Other Strategies for Web Searching
This section covers finding sources for your writing in the World Wide Web. It includes information about search engines, Boolean operators, Web directories, and the invisible Web. It also includes an extensive, annotated links section.
Contributors:Dana Lynn Driscoll, Caitlan Spronk, Allen Brizee
Last Edited: 2010-04-17 06:14:21
Don't limit your Internet searching to using search engines. Be creative and think about which Internet sites might have the information you are looking for. For example, might any of the following lead you to the sites that will provide the information you are looking for?
Looking for information about job opportunities? Look at some of the sites listing job vacancies. Try university websites that sometimes list jobs through their placement offices, or try professional organizations which also sometimes list jobs in that field. Or look through the websites of various large companies because they usually have a section on job opportunities in their company.
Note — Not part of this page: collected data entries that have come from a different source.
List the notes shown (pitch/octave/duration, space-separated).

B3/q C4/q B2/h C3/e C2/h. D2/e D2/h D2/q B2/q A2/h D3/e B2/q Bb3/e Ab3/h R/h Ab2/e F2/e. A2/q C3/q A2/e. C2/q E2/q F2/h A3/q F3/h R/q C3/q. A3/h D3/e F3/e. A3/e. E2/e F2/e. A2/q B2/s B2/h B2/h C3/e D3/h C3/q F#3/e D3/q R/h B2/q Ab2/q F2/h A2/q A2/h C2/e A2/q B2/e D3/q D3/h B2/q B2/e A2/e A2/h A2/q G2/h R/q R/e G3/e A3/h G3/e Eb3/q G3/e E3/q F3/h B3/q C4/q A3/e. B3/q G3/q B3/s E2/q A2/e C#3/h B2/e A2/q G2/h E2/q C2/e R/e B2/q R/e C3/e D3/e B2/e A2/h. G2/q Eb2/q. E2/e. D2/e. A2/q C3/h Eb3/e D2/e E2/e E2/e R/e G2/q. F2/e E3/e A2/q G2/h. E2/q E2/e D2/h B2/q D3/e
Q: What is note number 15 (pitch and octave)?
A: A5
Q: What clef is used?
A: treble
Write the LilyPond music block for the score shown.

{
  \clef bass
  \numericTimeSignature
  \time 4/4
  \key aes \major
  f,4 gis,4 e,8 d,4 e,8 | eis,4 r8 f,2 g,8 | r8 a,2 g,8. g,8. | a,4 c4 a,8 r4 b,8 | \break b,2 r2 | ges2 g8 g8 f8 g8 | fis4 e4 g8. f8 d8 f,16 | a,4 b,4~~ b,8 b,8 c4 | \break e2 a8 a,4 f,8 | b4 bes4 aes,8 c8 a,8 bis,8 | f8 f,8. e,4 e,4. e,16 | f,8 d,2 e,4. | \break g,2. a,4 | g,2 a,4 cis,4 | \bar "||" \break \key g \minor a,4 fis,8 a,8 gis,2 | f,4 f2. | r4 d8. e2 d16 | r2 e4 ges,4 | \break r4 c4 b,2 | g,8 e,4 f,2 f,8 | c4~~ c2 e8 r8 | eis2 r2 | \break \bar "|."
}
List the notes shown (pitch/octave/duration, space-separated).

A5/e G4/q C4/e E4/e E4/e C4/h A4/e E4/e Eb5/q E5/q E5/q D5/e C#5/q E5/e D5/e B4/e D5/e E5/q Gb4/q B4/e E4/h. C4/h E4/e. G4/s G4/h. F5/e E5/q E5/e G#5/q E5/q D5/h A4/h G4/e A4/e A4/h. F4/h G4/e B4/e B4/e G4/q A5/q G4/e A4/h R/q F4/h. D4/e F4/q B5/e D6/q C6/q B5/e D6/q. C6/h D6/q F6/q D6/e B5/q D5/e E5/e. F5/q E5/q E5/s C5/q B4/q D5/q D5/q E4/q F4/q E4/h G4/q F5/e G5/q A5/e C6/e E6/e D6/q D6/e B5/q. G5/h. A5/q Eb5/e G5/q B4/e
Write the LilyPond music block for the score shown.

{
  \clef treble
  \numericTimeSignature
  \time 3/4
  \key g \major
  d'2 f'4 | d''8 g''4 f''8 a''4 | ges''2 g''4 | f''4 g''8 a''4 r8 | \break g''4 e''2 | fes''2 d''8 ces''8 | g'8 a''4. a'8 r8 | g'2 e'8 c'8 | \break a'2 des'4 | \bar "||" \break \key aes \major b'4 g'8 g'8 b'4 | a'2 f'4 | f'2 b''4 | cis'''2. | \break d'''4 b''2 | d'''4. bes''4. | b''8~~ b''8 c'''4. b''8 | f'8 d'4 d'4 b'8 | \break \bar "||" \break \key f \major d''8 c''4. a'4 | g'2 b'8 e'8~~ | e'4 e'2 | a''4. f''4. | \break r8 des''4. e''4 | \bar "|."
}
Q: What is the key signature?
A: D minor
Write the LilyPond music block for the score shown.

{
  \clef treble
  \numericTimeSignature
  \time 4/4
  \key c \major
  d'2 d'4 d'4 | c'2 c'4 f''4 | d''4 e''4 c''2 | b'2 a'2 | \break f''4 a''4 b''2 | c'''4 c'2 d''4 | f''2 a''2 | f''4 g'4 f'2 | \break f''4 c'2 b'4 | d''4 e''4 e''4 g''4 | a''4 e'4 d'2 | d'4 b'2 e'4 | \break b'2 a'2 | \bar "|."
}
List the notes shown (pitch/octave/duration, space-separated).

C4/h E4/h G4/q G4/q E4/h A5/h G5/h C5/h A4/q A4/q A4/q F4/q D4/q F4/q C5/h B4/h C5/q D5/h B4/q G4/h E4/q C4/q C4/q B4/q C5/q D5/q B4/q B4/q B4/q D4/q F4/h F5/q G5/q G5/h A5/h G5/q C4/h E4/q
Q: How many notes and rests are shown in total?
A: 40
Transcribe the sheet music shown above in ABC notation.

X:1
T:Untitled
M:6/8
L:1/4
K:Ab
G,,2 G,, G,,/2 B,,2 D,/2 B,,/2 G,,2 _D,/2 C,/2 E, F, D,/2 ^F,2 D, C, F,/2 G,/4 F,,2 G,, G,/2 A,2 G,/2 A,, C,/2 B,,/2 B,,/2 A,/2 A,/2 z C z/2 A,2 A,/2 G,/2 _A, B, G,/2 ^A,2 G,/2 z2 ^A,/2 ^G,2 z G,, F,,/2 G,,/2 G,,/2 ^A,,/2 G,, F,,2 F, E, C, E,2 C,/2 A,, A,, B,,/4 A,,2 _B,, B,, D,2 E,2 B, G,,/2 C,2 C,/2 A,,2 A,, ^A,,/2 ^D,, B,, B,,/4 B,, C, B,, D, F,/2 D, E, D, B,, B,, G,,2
Looking for information likely to be discussed on newsgroups or chat rooms? Look through the lists of newsgroups or use a search engine.
Looking for information about a current topic? Check the newspaper and current newsmagazine sites. Most have a search engine for articles in their publications.
Looking for data that might have been collected on a government site? Start with sites such as the Library of Congress or The White House. If the data concerns a state or a foreign country, is there a site for that political entity?